If you've never used a language with good support for sum types, they sound worthless.

That's definitely my experience, I never used a language featuring sum types before I started learning rust a few months ago but now I miss them as soon as I go back to C.

For those of you who are not yet enlightened here's a couple examples: I had to implement a time counter struct. It was either counting, in which case I would only store the date corresponding to the time 0 (and I would compute the current counter value by substracting the current time to this date instead of having to update the counter every second) or halted in which case I would just store the last counter value.

So my first try was:

    struct Counter {
        counting: bool,
        /// When counting is true
        tzero:      u32,
        /// When counting is false
        last_count: u32,
    }
Now of course, that's error prone and wasteful. Wasteful because you store two u32 when only one of them will be used at any given time and error prone because you have to be careful to always correctly check the value of counting before using one of the other values.
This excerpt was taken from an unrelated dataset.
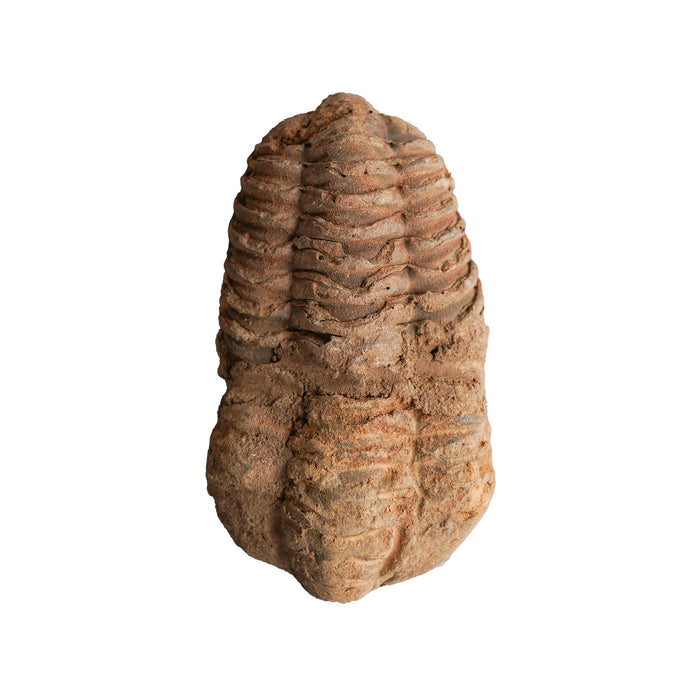 Rough Trilobite Fossil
You could save some space by using a single "tzero_or_last_count" u32 but that makes it even more error prone.

And then I saw the light:

    enum Counter {
        Counting(u32),
        Halted(u32),
    }
This does exactly what I needed: No wasted space since this only takes the space for a single u32 and then a little more for the tag, the equivalent of my counting flag above but handled by the language directly. And it's so much nicer to handle: the language won't let me access the underlying integers unless I match the enum which forces me to check. What was an implicit convention left for the coders to enforce is now checked by the compiler.
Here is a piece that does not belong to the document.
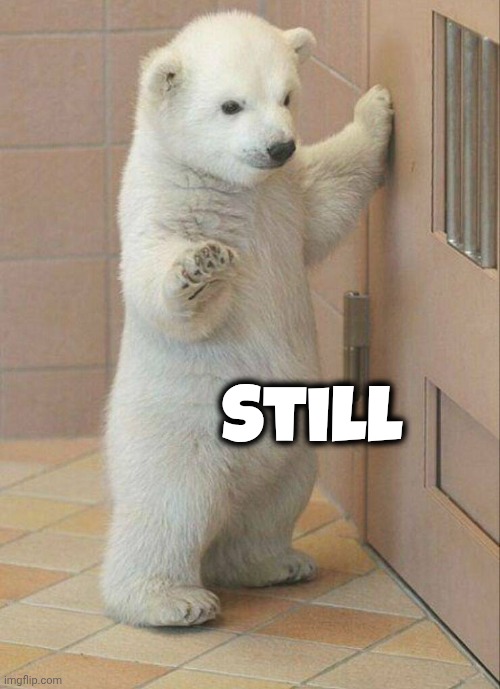 Not now Bear | Still | image tagged in not now bear | made w/ Imgflip meme maker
An other example I have is the following:

enum CacheState { Valid(Cache), Dirty, }

I can only access the Cache when it's not Dirty. In C or C++ you could get similar results by using encapsulation and have accessor functions that check the dirty flag but you have to implement and debug all that by yourself. With sum types it's built directly into the language.
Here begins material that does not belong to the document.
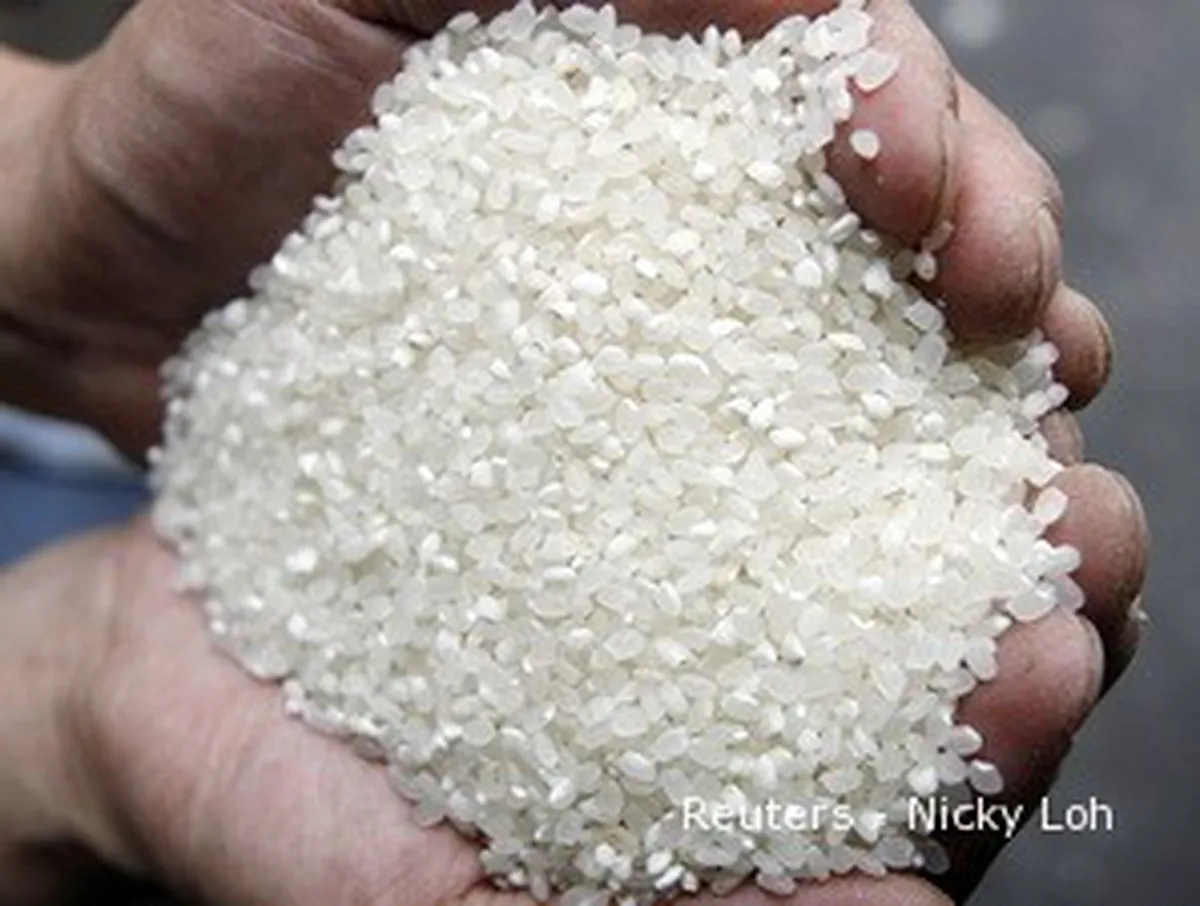 Tahun Ini, Indonesia Bisa Swasembada Pangan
As another illustrative example, let's say we want to create a library for working with mathematical expressions such as x^2 + 5*x. It's natural to define our data types like this:

    type
      FormulaKind = enum
        fkVar,        ## element is a variable like 'X'
        fkLit,        ## element is a literal like 0.1
        fkAdd,        ## element is an addition operation
        fkMul,        ## element is a multiplication operation
        fkExp         ## element is an exponentiation operation

    type
      Formula = ref object
        case kind: FormulaKind
        of fkVar: name: string
        of fkLit: value: float
        of fkAdd, fkMul, fkExp: left, right: Formula
Nim's enum [1] is an old-school typesafe enum, as in Ada, without any fields. To avoid name clashes, it's common to prefix the enum values with a two-letter abbreviation. The case part in the object declaration introduces a checked union. So the access of f.name will raise an exception if f.kind != fkVar.

[1] http://goran.krampe.se/2014/10/20/i-missed-nim/


That `enum Counter` example (and Either in general) is a union type and not a sum type. It's either Counting (with a u32) or Halted (with a u32) but never both at the same time.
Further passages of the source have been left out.